(Stored data entries)
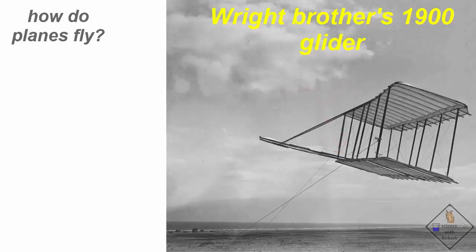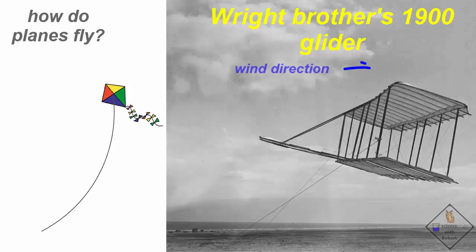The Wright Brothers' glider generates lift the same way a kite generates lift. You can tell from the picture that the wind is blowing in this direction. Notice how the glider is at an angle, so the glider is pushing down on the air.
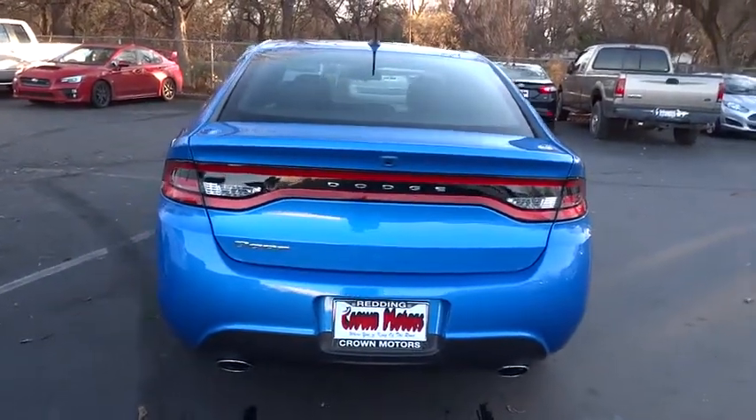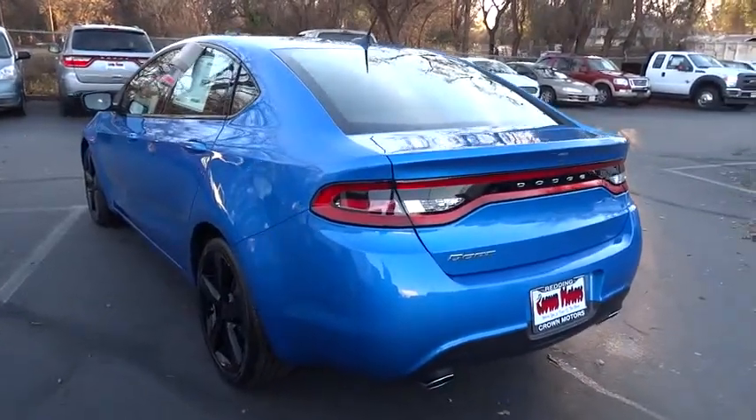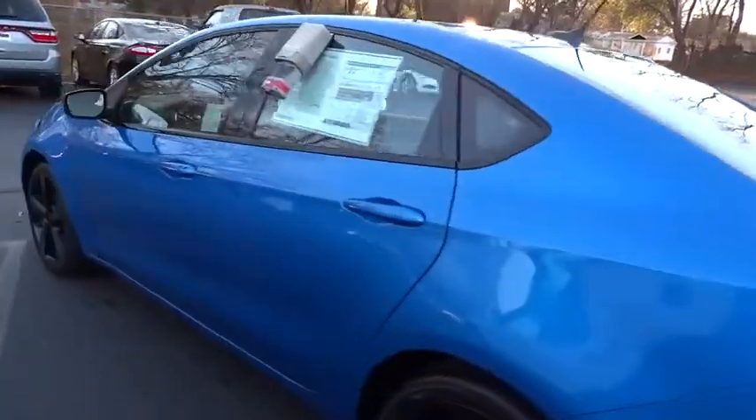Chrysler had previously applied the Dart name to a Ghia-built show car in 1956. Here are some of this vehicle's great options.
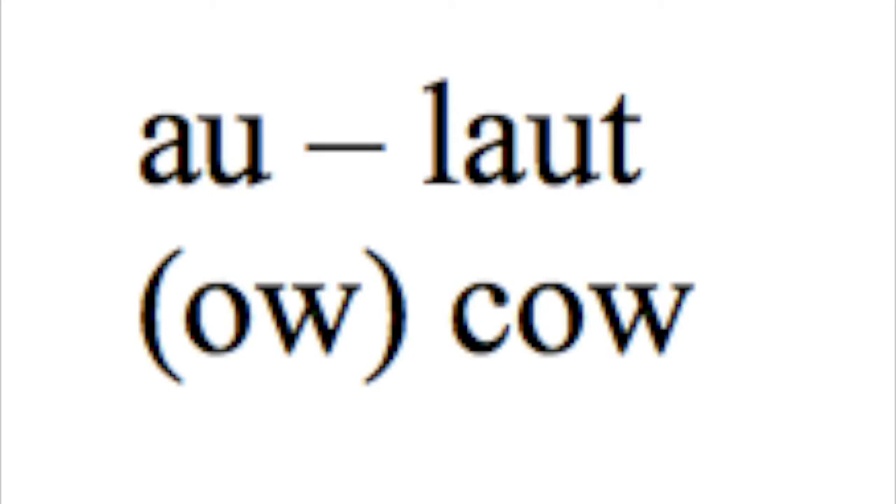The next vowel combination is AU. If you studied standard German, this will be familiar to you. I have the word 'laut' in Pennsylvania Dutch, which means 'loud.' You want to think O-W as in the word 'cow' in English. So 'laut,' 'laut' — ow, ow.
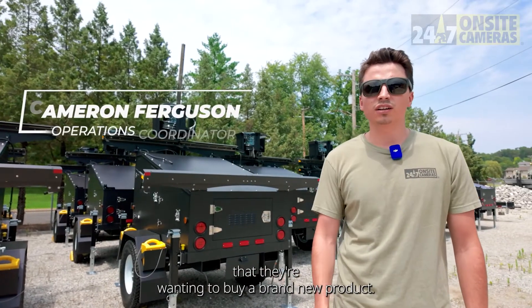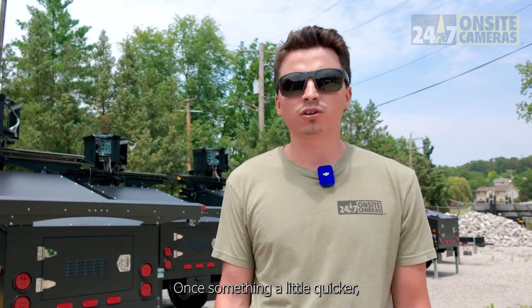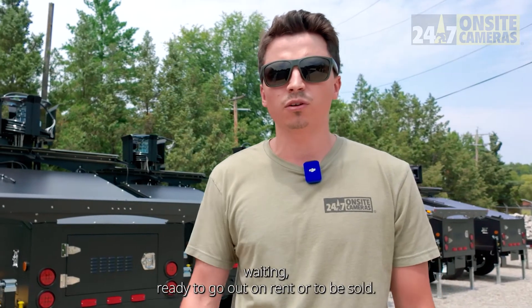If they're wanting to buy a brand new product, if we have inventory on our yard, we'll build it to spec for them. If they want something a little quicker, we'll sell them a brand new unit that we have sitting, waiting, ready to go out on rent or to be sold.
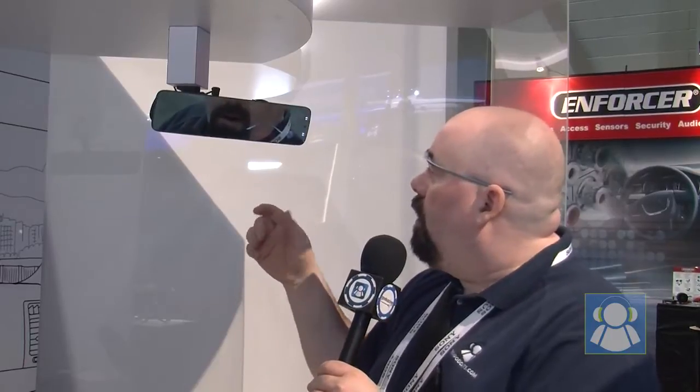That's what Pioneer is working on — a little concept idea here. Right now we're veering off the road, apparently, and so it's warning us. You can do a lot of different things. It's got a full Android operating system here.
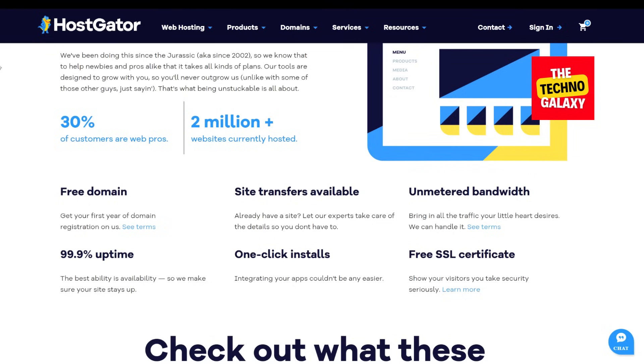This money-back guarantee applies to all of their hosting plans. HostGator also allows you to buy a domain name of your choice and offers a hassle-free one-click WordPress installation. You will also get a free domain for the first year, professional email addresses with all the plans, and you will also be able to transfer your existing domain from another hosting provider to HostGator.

To do:
Copy exactly the lines of the entries above from the one containing "If they're wanting" through the one containing "That's what Pioneer". Both end lines count; pictures do not.

Your solution:
If they're wanting to buy a brand new product, if we have inventory on our yard, we'll build it to spec for them. If they want something a little quicker, we'll sell them a brand new unit that we have sitting, waiting, ready to go out on rent or to be sold.
That's what Pioneer is working on — a little concept idea here. Right now we're veering off the road, apparently, and so it's warning us. You can do a lot of different things. It's got a full Android operating system here.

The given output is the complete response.